__Records to process__
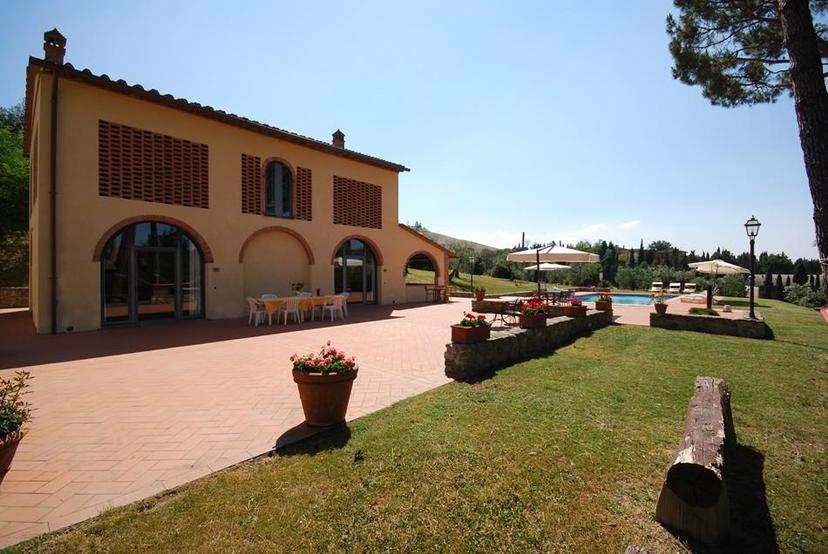 Villa, Certaldo — foto 5 di 5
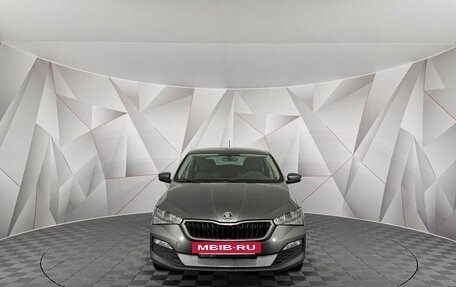 Skoda Rapid II, 2020 год, 1 463 000 рублей, 7 фотография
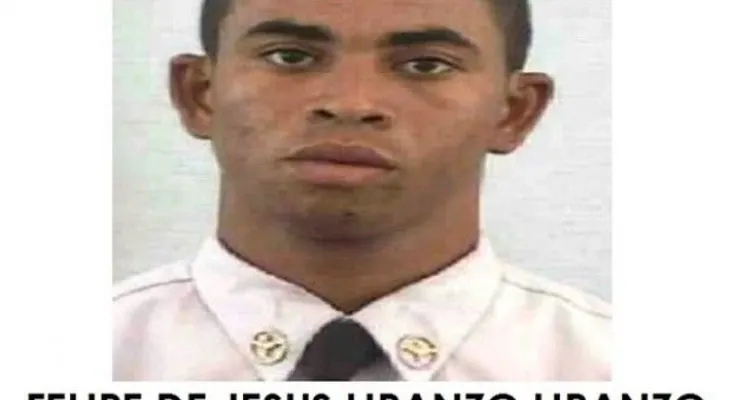 PN coloca alerta de "Se busca" contra oficial Fuerza Aérea que mató a teniente coronel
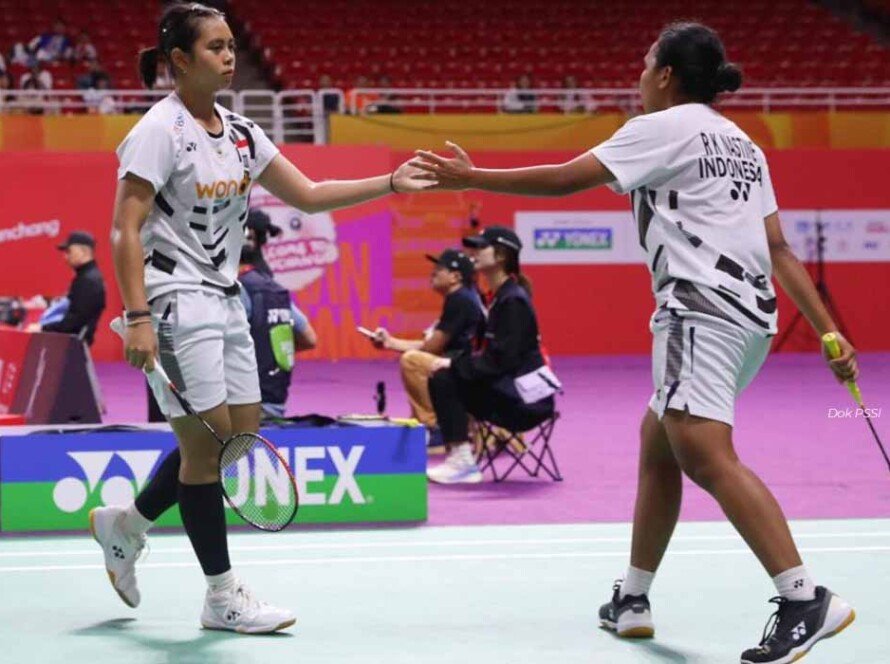 Jadwal Thailand Open 2026, Wakil Indonesia Sisa Ini - IMSPORT.TV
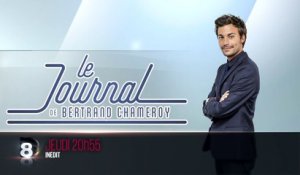 Le Journal de Bertrand Chameroy - 03/12/15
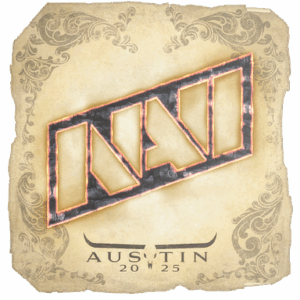 Sticker | Natus Vincere | Austin 2025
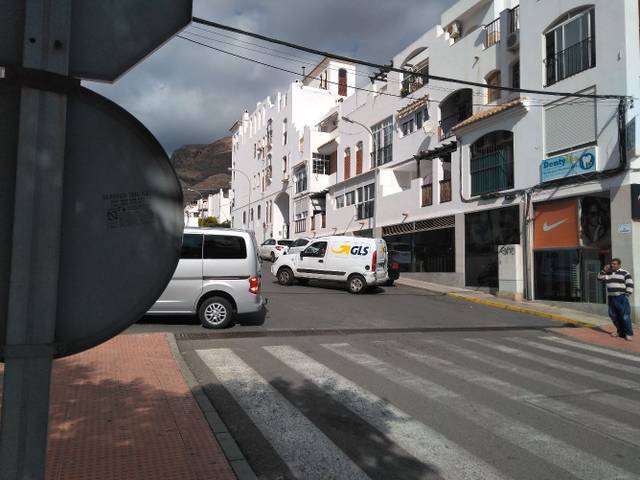 Garaje en Alquiler en Calle el Dorado, 17 en Aguadulce Norte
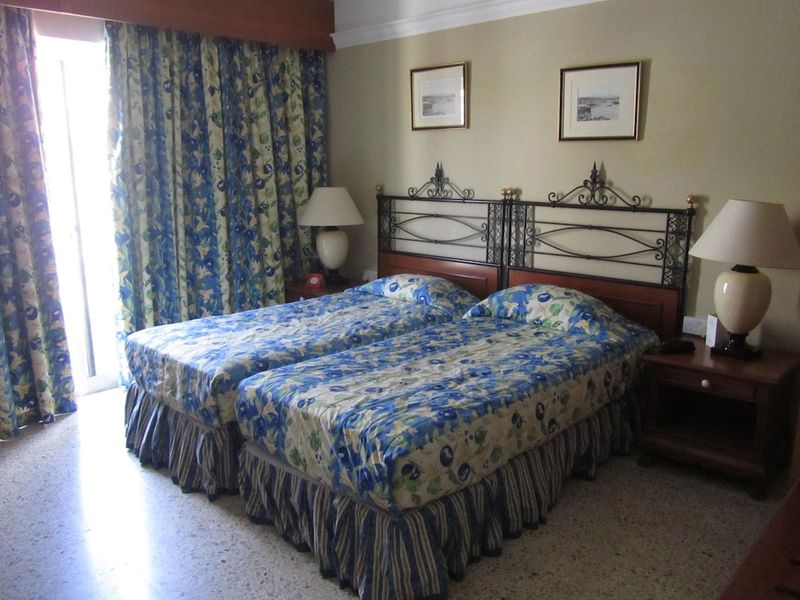 Hotel Topaz Hotel, Malta, St. Paul's Bay. Großes 408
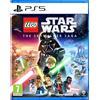 WARNER BROS Lego Star Wars Skywalker Saga PS-5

__Work order__
When you come to the line containing "Sticker | Natus Vincere | Austin 2025" in the records above, repeat that line and all lines after it exactly, but not the pictures.

__Task solution__
 Sticker | Natus Vincere | Austin 2025
 Garaje en Alquiler en Calle el Dorado, 17 en Aguadulce Norte
 Hotel Topaz Hotel, Malta, St. Paul's Bay. Großes 408
 WARNER BROS Lego Star Wars Skywalker Saga PS-5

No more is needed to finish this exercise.